Directions: Output only the lines of the entries that follow, starting at the one with "For Sale: $1,075,000" and running down to the one with "Τροχαίο για οικογένεια", both included and unchanged.
───── Data records ─────
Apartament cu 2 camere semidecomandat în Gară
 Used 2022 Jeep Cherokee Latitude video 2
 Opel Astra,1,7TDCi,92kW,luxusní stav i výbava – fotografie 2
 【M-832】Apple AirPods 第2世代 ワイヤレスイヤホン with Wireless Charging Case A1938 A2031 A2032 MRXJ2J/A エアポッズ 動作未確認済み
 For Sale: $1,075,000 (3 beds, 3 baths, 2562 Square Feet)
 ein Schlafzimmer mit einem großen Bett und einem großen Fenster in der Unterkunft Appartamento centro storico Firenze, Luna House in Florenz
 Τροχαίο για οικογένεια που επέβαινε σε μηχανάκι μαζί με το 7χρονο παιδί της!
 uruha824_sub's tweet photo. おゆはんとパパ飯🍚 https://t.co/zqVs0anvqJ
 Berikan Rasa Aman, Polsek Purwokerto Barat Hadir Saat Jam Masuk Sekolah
─────
Task answer:
 For Sale: $1,075,000 (3 beds, 3 baths, 2562 Square Feet)
 ein Schlafzimmer mit einem großen Bett und einem großen Fenster in der Unterkunft Appartamento centro storico Firenze, Luna House in Florenz
 Τροχαίο για οικογένεια που επέβαινε σε μηχανάκι μαζί με το 7χρονο παιδί της!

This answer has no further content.